**EXERCISE PROMPT:** Working from the records below, return word for word the line that contains "Modern interior with" and each line after it, ending with the last. Skip all pictures.

━━━━━ RECORDS FOR THIS EXERCISE

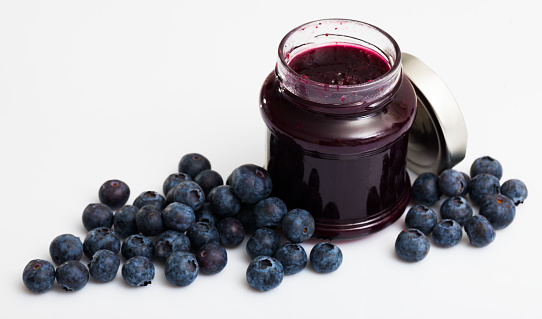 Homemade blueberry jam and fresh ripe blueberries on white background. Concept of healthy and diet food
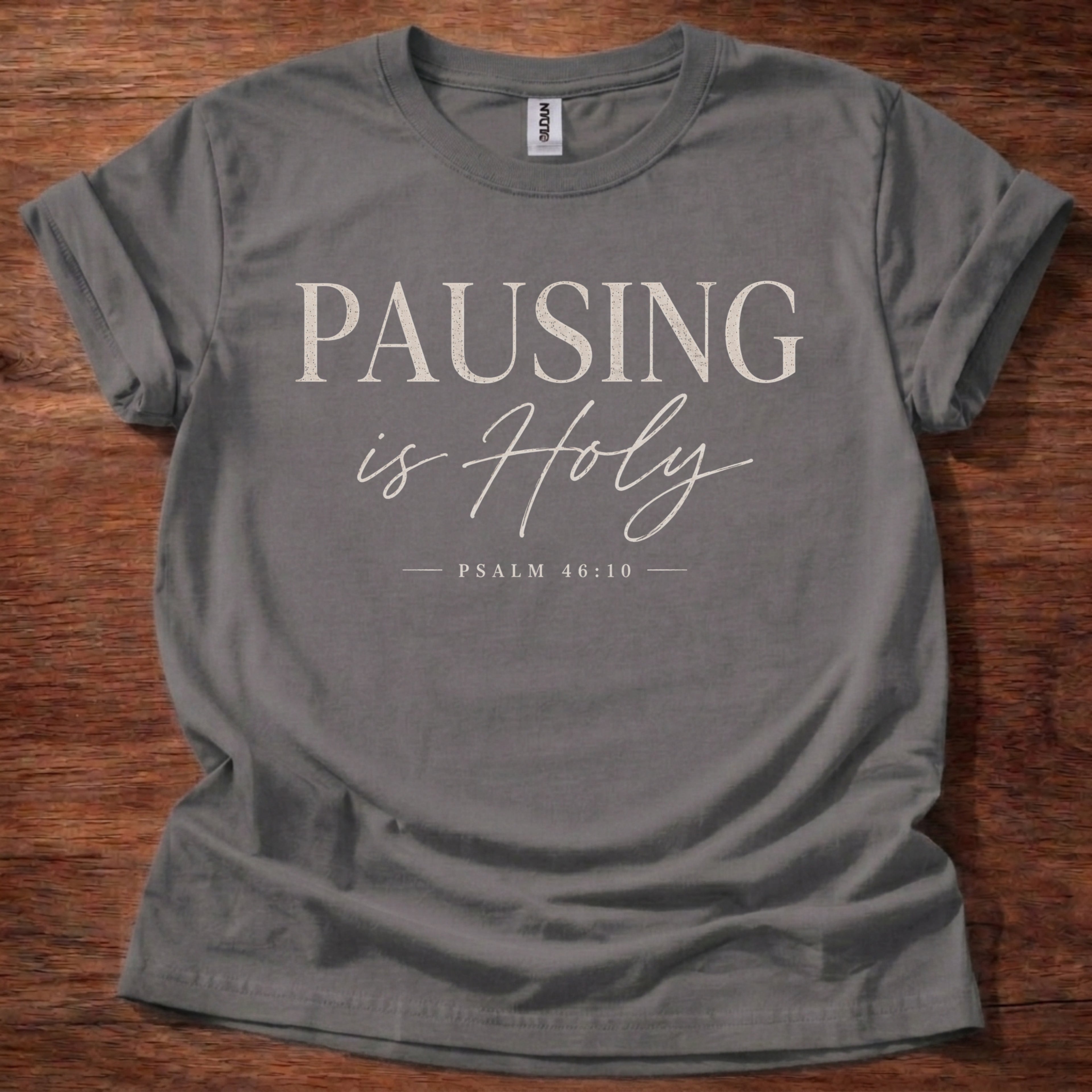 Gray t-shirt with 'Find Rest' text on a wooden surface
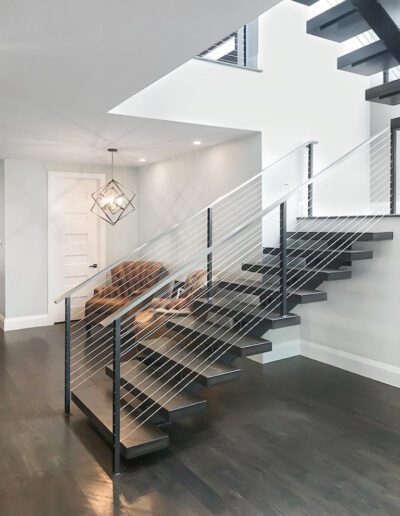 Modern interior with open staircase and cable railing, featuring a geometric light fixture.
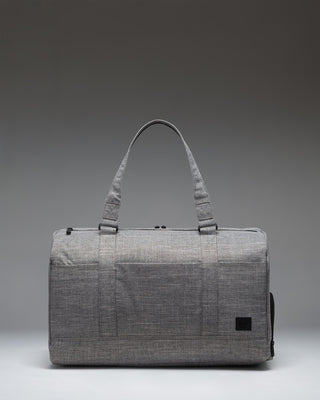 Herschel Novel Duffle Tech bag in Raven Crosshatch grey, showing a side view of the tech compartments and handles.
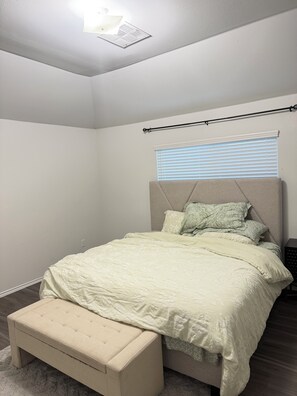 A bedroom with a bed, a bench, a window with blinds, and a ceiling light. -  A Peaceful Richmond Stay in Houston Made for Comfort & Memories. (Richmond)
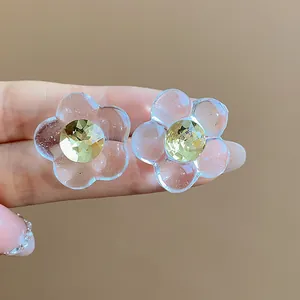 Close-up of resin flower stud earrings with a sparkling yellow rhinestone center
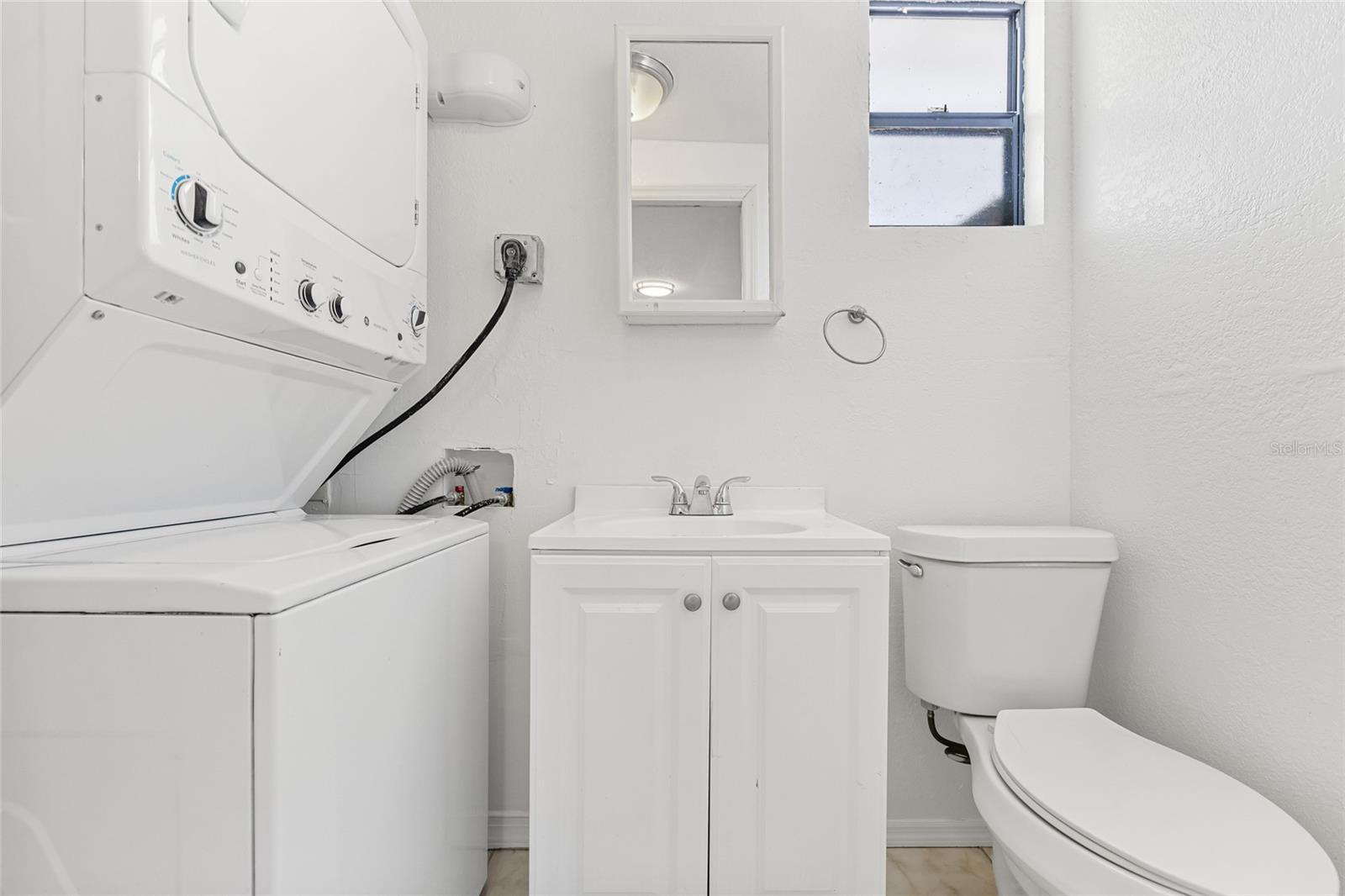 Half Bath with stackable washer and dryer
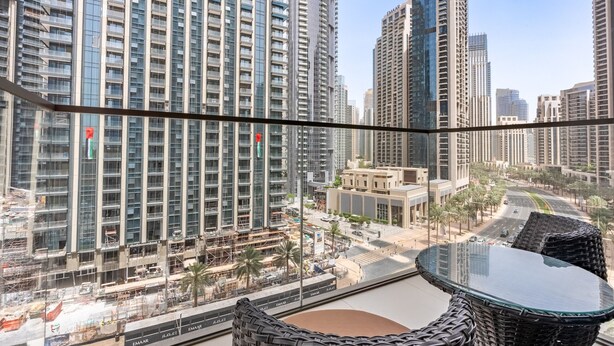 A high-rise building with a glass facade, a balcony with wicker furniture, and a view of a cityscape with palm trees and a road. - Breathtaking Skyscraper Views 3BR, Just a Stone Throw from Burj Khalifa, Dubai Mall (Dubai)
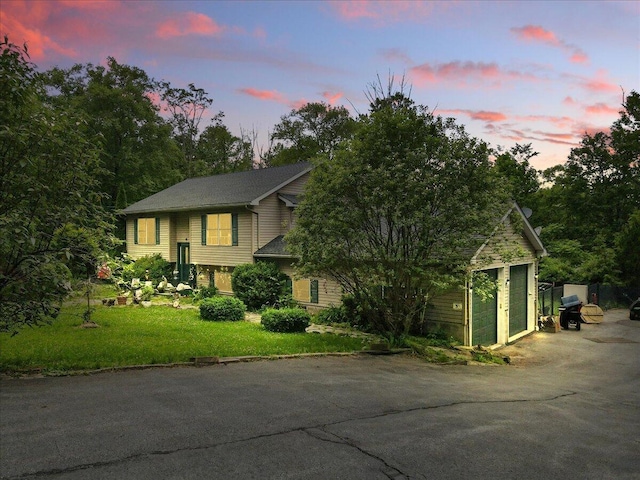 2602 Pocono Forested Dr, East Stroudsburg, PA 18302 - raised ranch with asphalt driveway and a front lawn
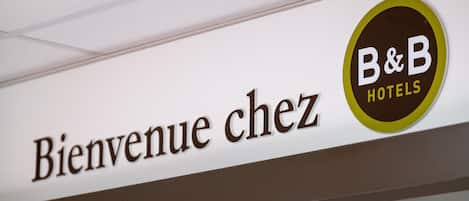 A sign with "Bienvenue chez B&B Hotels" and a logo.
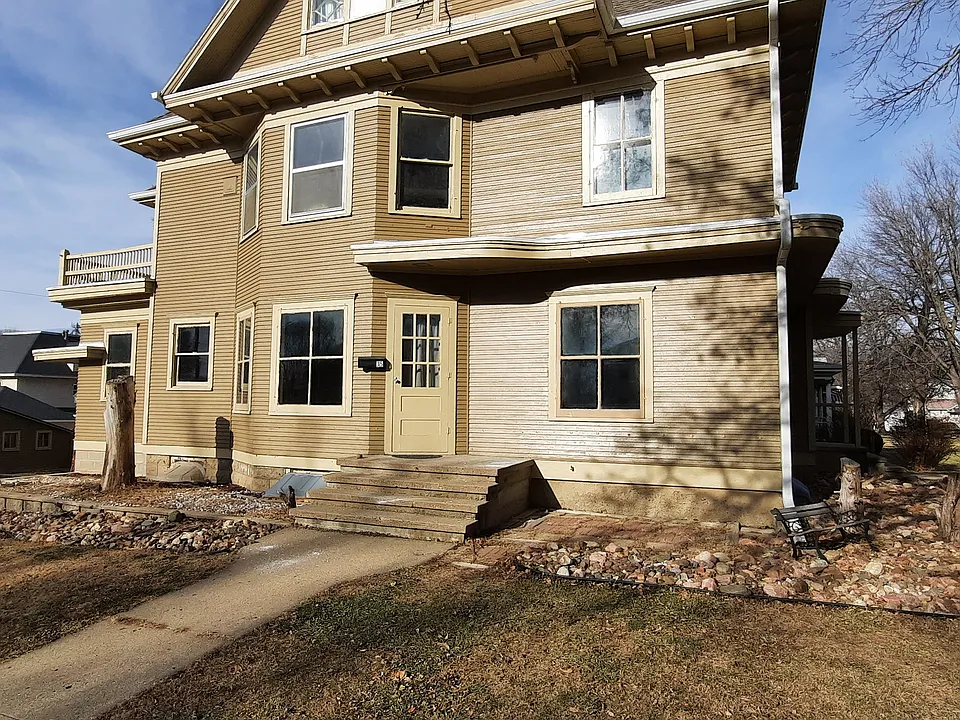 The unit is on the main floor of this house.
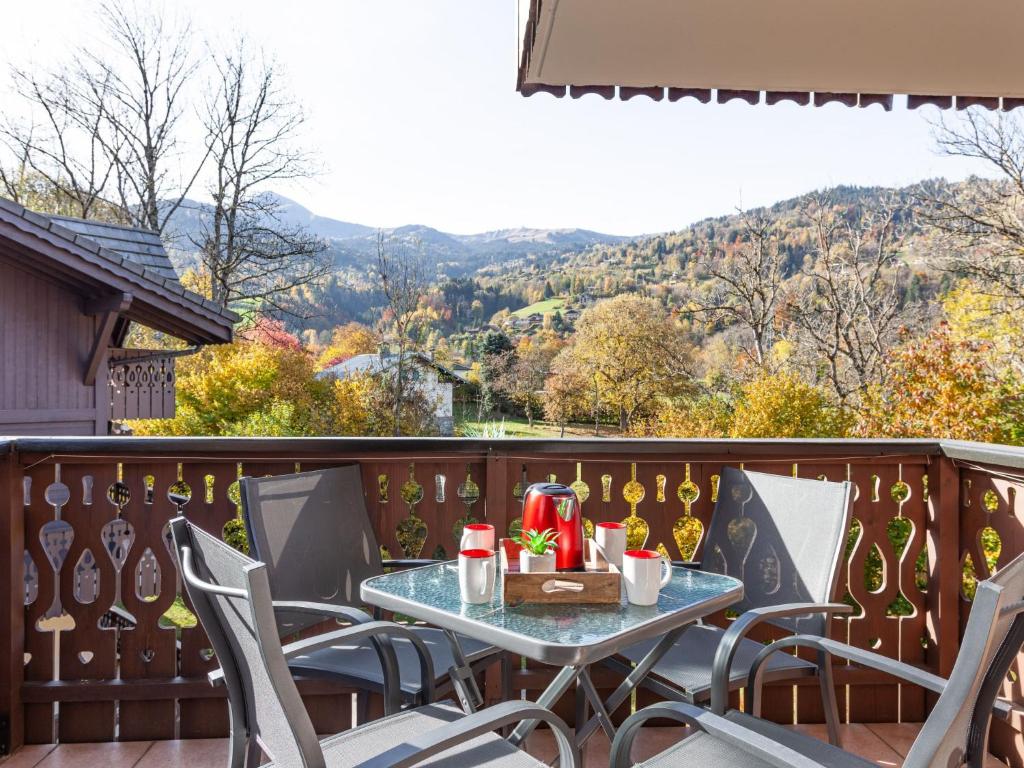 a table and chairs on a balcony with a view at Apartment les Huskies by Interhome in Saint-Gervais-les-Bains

━━━━━━━━━━

**EXERCISE SOLUTION:**
 Modern interior with open staircase and cable railing, featuring a geometric light fixture.
 Herschel Novel Duffle Tech bag in Raven Crosshatch grey, showing a side view of the tech compartments and handles.
 A bedroom with a bed, a bench, a window with blinds, and a ceiling light. -  A Peaceful Richmond Stay in Houston Made for Comfort & Memories. (Richmond)
 Close-up of resin flower stud earrings with a sparkling yellow rhinestone center
 Half Bath with stackable washer and dryer
 A high-rise building with a glass facade, a balcony with wicker furniture, and a view of a cityscape with palm trees and a road. - Breathtaking Skyscraper Views 3BR, Just a Stone Throw from Burj Khalifa, Dubai Mall (Dubai)
 2602 Pocono Forested Dr, East Stroudsburg, PA 18302 - raised ranch with asphalt driveway and a front lawn
 A sign with "Bienvenue chez B&B Hotels" and a logo.
 The unit is on the main floor of this house.
 a table and chairs on a balcony with a view at Apartment les Huskies by Interhome in Saint-Gervais-les-Bains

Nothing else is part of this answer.